Una
resaca vidriosa le tiene embarulladas las ideas y sin ángeles las manos.
La
sensación es grotesca, viscosa, como si las neuronas hubieran engordado
repentinamente, empujándose hasta el punto de obstaculizar las sinapsis. Las
ideas se le antojan atrapadas en un embotellamiento de tránsito, sin poder
circular desde el pensamiento hasta los labios sobre los que conserva una sensación
de paja seca que se extiende a la lengua.
En el
enorme mareo danza el mundo.
Seguramente,
en vez de dormir se ha desmayado y por eso se recupera así, en ese estado de
muñeco desaliñado y tosco, despatarrado con incomodidad sobre el suelo igual
que el resultado de un tropiezo.
Abre los
ojos a esa sensación hostilmente amorfa en que su cuerpo huele a queso rancio y
trata de entender su alrededor. Pero está solo. Echado encima de su propia
desidia, está y se siente solo, como un menesteroso o como un refugiado que
llega el último a las carpas de hule y tiene que acampar a la intemperie, lejos
de los demás, fuera del mundo de todos los demás.
El
zumbido de la vida le roza estrepitosamente los oídos, pero la sensación de sí
mismo es vulnerable.
En esa
soledad mutilada, sabe cuánto ha llorado la noche anterior y cuánto ha
blasfemado contra los dioses muertos y de tanto sollozo y de tanta maldición,
la garganta le duele como un tajo que sangra hilos de hiel.
Todo se
ha vuelto ácido en su boca acostumbrada al vómito.
Se
incorpora con dificultad ebria y el mareo le revuelve la náusea y le clava
colmillos en las sienes, lo mismo que la fiebre.
Con paso
paquidérmico intenta encarar el mundo que da vueltas y que chorrea cántaros
pringosos por su rostro enjutamente seco.

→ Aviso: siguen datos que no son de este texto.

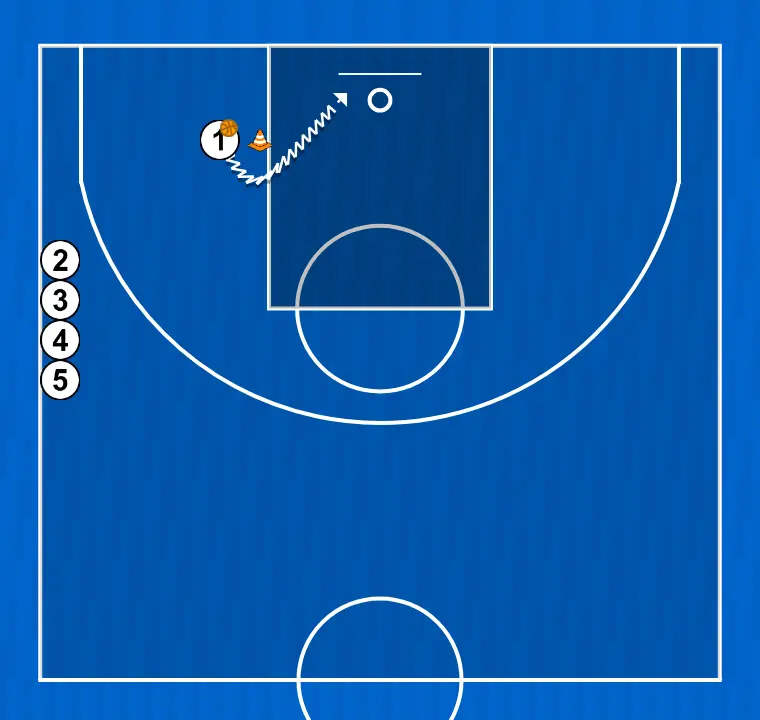 Basketball drill zero-step drill (interior), step 2: <div>upon reaching the cone, the player performs a reverse dribble and, after using the zero step, finishes with a shot at the basket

Suda toda su fuerza de voluntad un
espesor selvático en que conviven los vivos con los muertos mientras cantan los
pájaros que luego del combate retornan del espanto hasta sus ramas.
En el
campamento todos duermen aún envueltos en un hálito disfónico.
Orina
como puede, sujetándose a un árbol como un mico que juega. Vomita una vez más,
como si todo su interior se disgregara expulsando rotos trozos del alma que se
le pudre adentro, atacada también por los secretos resortes de la enfermedad.
—Ahora
no…puto virus de mierda…– se enfurece– Tengo mucho que hacer.
Tiene un
recuerdo vago de la noche como si entredormido hubiera presenciado una película
bélica en 3D que no quiso mirar.
En la
película moría mucha gente que había ido de compras al mercado. En las películas
de guerras siempre muere mucha gente que va de compras al mercado. Por un
momento piensa en Bagdad o en otros sitios con mercados donde muere la gente
que está haciendo las compras.
La voz
lo sorprende abstraído en el charco de los vómitos.
Oye la
voz como si él no estuviera allí, sólo la voz y el vómito que la tierra termina
por beberse.
Habla
con la voz por la frecuencia de radio pero aún no está allí. Después de oír la
orden da la suya a esa tribu dormida que regresa despacio a la conciencia.
—Vamos
por ellos, señores…Están a dos kilómetros…Esta vez no se van a salvar.
Una jauría de hombres sale de cacería bajo el sol.